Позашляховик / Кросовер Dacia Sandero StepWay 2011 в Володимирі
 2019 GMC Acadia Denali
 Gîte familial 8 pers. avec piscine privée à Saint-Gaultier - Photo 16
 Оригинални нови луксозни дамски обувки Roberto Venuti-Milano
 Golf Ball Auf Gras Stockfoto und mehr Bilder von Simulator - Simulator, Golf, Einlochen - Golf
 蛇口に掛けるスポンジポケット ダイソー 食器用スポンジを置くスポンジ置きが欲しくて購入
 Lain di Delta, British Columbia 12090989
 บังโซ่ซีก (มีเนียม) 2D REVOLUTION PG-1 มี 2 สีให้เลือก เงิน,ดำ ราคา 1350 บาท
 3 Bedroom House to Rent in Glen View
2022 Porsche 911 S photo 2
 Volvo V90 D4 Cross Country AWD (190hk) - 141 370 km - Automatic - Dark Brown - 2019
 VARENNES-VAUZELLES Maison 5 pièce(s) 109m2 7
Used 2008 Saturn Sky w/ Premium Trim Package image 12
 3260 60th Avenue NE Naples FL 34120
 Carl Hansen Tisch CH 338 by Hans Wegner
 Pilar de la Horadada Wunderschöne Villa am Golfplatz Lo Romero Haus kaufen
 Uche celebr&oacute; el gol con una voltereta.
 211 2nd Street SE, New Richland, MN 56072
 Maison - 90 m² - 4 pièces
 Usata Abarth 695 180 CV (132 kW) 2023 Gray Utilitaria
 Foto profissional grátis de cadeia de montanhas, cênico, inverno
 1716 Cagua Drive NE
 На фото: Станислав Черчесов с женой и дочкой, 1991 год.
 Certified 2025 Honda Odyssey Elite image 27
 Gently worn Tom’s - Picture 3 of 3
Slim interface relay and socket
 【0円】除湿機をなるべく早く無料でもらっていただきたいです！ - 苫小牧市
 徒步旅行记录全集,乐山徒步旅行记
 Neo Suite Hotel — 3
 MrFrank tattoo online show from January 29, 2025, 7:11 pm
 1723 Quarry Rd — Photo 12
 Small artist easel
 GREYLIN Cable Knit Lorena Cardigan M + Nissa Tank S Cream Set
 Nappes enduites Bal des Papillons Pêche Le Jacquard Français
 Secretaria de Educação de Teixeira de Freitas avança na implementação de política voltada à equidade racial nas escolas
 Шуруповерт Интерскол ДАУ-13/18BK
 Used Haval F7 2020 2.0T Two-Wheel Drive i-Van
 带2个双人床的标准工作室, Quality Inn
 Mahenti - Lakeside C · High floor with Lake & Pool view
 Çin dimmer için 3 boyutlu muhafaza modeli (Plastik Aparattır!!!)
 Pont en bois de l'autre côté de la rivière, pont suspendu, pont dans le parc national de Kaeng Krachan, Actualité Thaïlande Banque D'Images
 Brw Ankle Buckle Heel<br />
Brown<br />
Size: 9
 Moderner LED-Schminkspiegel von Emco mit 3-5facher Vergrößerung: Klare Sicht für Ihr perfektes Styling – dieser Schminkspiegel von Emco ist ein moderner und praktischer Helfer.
..............................
> **AIM OF THE TASK**
I would like the records restated exactly, with every line intact.

> **RESULT**
Позашляховик / Кросовер Dacia Sandero StepWay 2011 в Володимирі
 2019 GMC Acadia Denali
 Gîte familial 8 pers. avec piscine privée à Saint-Gaultier - Photo 16
 Оригинални нови луксозни дамски обувки Roberto Venuti-Milano
 Golf Ball Auf Gras Stockfoto und mehr Bilder von Simulator - Simulator, Golf, Einlochen - Golf
 蛇口に掛けるスポンジポケット ダイソー 食器用スポンジを置くスポンジ置きが欲しくて購入
 Lain di Delta, British Columbia 12090989
 บังโซ่ซีก (มีเนียม) 2D REVOLUTION PG-1 มี 2 สีให้เลือก เงิน,ดำ ราคา 1350 บาท
 3 Bedroom House to Rent in Glen View
2022 Porsche 911 S photo 2
 Volvo V90 D4 Cross Country AWD (190hk) - 141 370 km - Automatic - Dark Brown - 2019
 VARENNES-VAUZELLES Maison 5 pièce(s) 109m2 7
Used 2008 Saturn Sky w/ Premium Trim Package image 12
 3260 60th Avenue NE Naples FL 34120
 Carl Hansen Tisch CH 338 by Hans Wegner
 Pilar de la Horadada Wunderschöne Villa am Golfplatz Lo Romero Haus kaufen
 Uche celebr&oacute; el gol con una voltereta.
 211 2nd Street SE, New Richland, MN 56072
 Maison - 90 m² - 4 pièces
 Usata Abarth 695 180 CV (132 kW) 2023 Gray Utilitaria
 Foto profissional grátis de cadeia de montanhas, cênico, inverno
 1716 Cagua Drive NE
 На фото: Станислав Черчесов с женой и дочкой, 1991 год.
 Certified 2025 Honda Odyssey Elite image 27
 Gently worn Tom’s - Picture 3 of 3
Slim interface relay and socket
 【0円】除湿機をなるべく早く無料でもらっていただきたいです！ - 苫小牧市
 徒步旅行记录全集,乐山徒步旅行记
 Neo Suite Hotel — 3
 MrFrank tattoo online show from January 29, 2025, 7:11 pm
 1723 Quarry Rd — Photo 12
 Small artist easel
 GREYLIN Cable Knit Lorena Cardigan M + Nissa Tank S Cream Set
 Nappes enduites Bal des Papillons Pêche Le Jacquard Français
 Secretaria de Educação de Teixeira de Freitas avança na implementação de política voltada à equidade racial nas escolas
 Шуруповерт Интерскол ДАУ-13/18BK
 Used Haval F7 2020 2.0T Two-Wheel Drive i-Van
 带2个双人床的标准工作室, Quality Inn
 Mahenti - Lakeside C · High floor with Lake & Pool view
 Çin dimmer için 3 boyutlu muhafaza modeli (Plastik Aparattır!!!)
 Pont en bois de l'autre côté de la rivière, pont suspendu, pont dans le parc national de Kaeng Krachan, Actualité Thaïlande Banque D'Images
 Brw Ankle Buckle Heel<br />
Brown<br />
Size: 9
 Moderner LED-Schminkspiegel von Emco mit 3-5facher Vergrößerung: Klare Sicht für Ihr perfektes Styling – dieser Schminkspiegel von Emco ist ein moderner und praktischer Helfer.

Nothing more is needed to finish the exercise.